Indeed, the split of Adamawa and the end of the Sokoto Caliphate were met with same violent reactions in Nigeria and Cameroon. The colonial approach to Islam and the role that the latter played in the nation-building projects of the two nations, are however, different. From the beginning of the German colonial administration, Islamic militancy was identified as the greatest threat to the construction and governance of the Cameroonian nation. This view was upheld by the subsequent British and French administrations, as well as the country’s post-independence regimes.

 

As a result, policies were developed to pacify, coerce and integrate Muslims into the nation-building project. This began with the dismantling of the religious edifices that underpinned the Sokoto Caliphate.
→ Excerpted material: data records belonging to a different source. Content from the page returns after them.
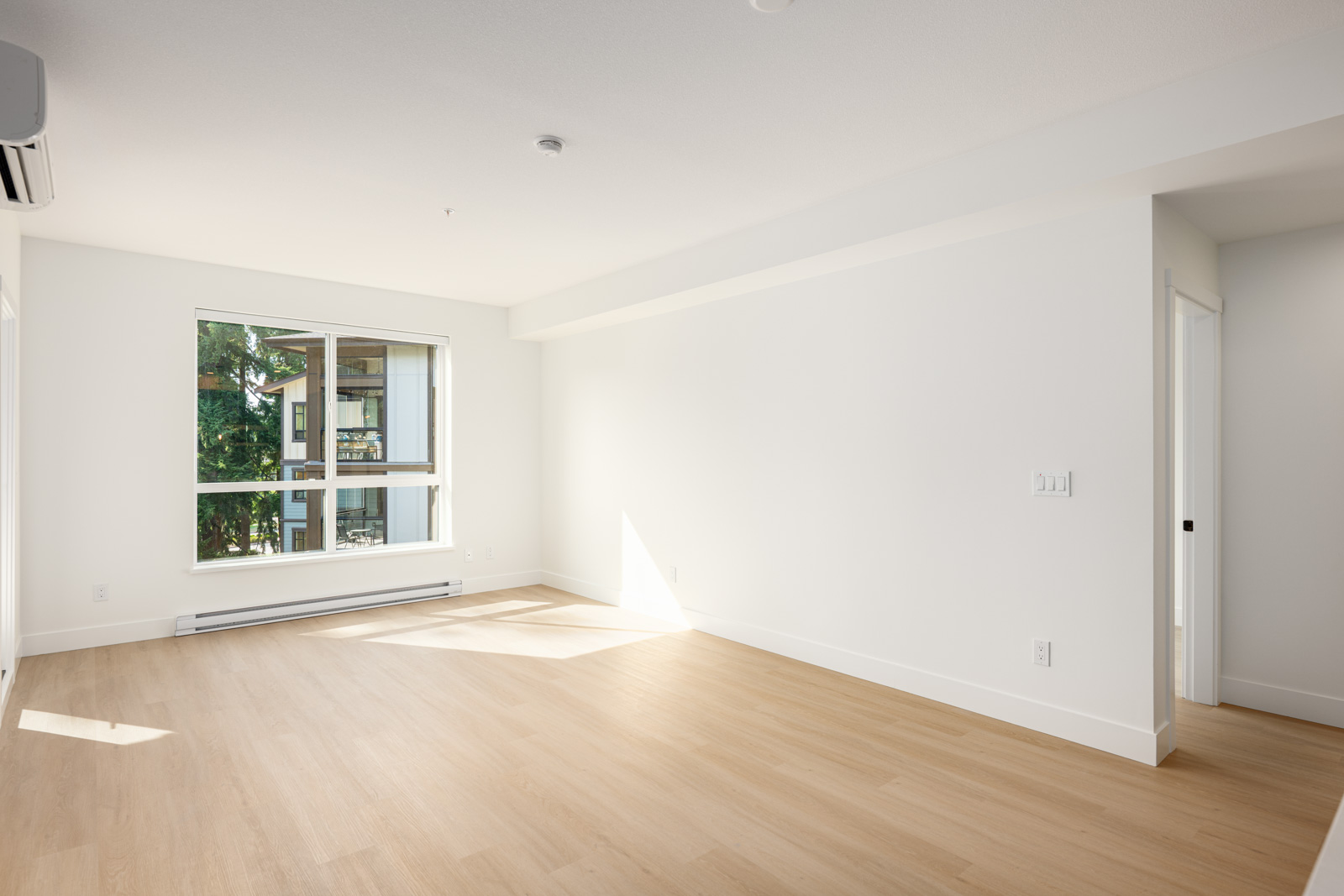 An empty room with light wood flooring, white walls, a large window, and a door leading to another space; natural light fills the room.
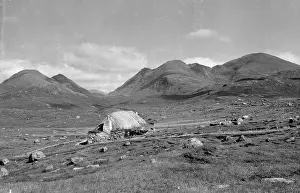 Crofter: Cottage in a bleak Scottish landscape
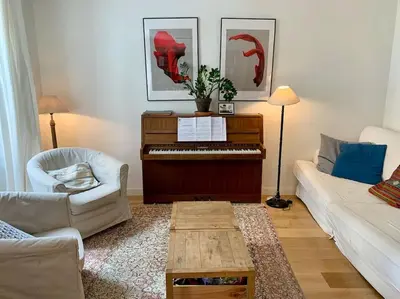 Coin salon dans l'établissement Cosy Chic Family Flat in Paris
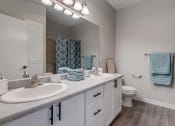 Thumbnail 13 of 63 - Bathroom With Double Sink Vanity And Wood-Style Flooring And Deep Set Tub at BELLA SONOMA, Washington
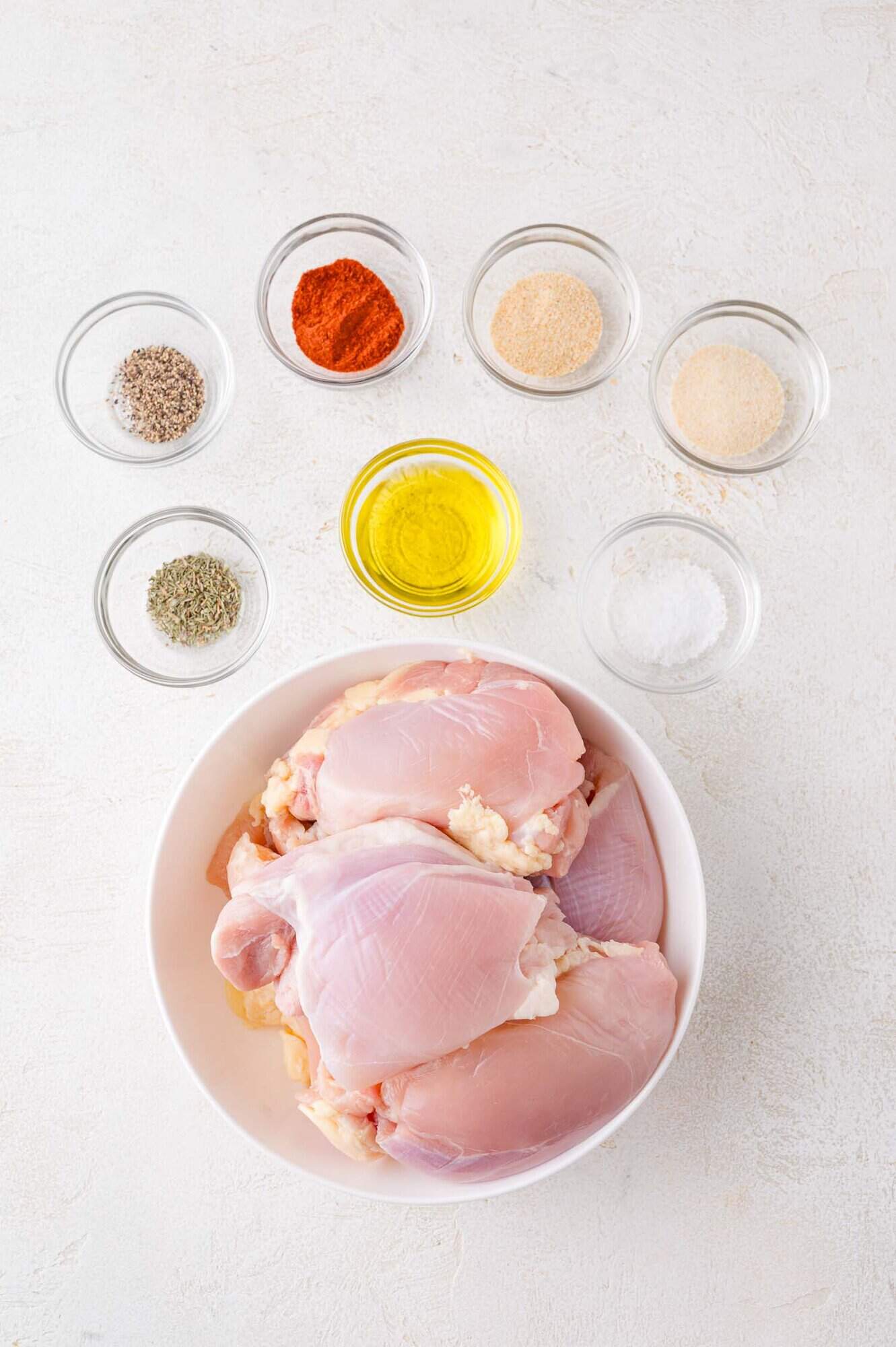 Raw chicken thighs in a white bowl, surrounded by small glass bowls containing oil, salt, black pepper, paprika, garlic powder, onion powder, and dried herbs on a white surface.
For example, the power of Islamic theocracies, clerics and local chiefs or laamidos was reduced and made subordinate to secular institutions. Other policies have included direct negotiation and preferential treatment, as well as the monitoring and strict regulation of Islamic affairs, including state oversight of mosques.

 

The 1984 attempted coup by Ahidjo’s loyalists brought to the fore the continued threat from the north and the gaps in the nation-building project. The state responded by developing programmes to encourage and reward cooperative Muslim elites, and created institutions to support and advance Islamic culture. Central to these efforts has been the creation of a unitary republican state that recognises plurality but does not define Cameroon on the basis of any ethnic or religious creed.

 

The current radical Islamist threat comes from sources external to Cameroon – primarily from neighbouring countries. The pressure Boko Haram and Ansaru face from Nigerian military operations has forced the groups to look for safe havens outside the country. Cameroon is believed to be one of the countries in which Boko Haram has regrouped following the massive military crackdown in Nigeria in 2009. The group is believed to have established a comfortable berth in northern Cameroon, using porous borders, false identity cards and kinship ties to infiltrate the country. Although it traditionally used its Cameroonian bases only for resources, recruitment and planning attacks, it recently started to carry out attacks in the country, including assassinations, murders, armed robberies and kidnappings.

 

Cameroon, which has no experience in combating terrorism, is employing conventional military tactics similar to those used by Nigeria. Last year, Cameroon reportedly killed about 180 Boko Haram fighters in such operations. Several of the sect’s fighters have been arrested and imprisoned. However, these measures are inadequate to deal effectively with the threat of terrorism in the long term. The overwhelming emphasis on military responses may risk Cameroon falling into the same predicament as Nigeria, where military responses have helped foster Boko Haram’s resistance.

 

If Cameroon is to be successful in repelling the threat, it will have to take a robust criminal justice approach that combines sound intelligence with effective investigation and prosecution of terrorist suspects. Cameroon must prioritise the adoption of comprehensive national counter-terrorism legislation. It should also provides guidelines for both military responses and long-term measures, with a view to addressing the legal, social, political, economic, religious and cultural conditions that give rise to terrorism. Cameroon should also tighten border security, strengthen the capacity of its judiciary, eliminate corruption among the security forces, and strengthen cooperation at regional and international levels.